Segment Open

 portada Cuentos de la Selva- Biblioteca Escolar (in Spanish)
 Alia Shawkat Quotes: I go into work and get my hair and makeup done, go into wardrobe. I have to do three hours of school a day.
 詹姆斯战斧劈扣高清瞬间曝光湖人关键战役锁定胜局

Segment Closed
Segment Open

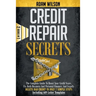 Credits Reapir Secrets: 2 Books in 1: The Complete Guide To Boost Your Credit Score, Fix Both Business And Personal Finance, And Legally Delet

Segment Closed
Segment Open

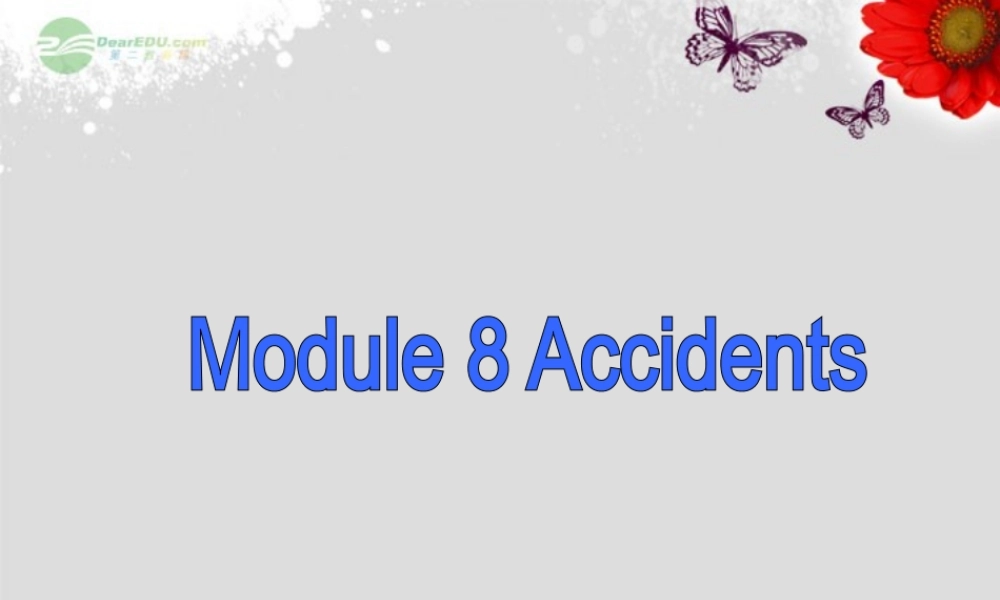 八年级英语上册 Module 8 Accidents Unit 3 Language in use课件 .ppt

Segment Closed

Task details:
From the entries above, restate word for word the lines from the line containing "Alia Shawkat Quotes: I" to the line containing "詹姆斯战斧劈扣高清瞬间曝光湖人关键战役锁定胜局", both ends included, and nothing more.

The answer:
 Alia Shawkat Quotes: I go into work and get my hair and makeup done, go into wardrobe. I have to do three hours of school a day.
 詹姆斯战斧劈扣高清瞬间曝光湖人关键战役锁定胜局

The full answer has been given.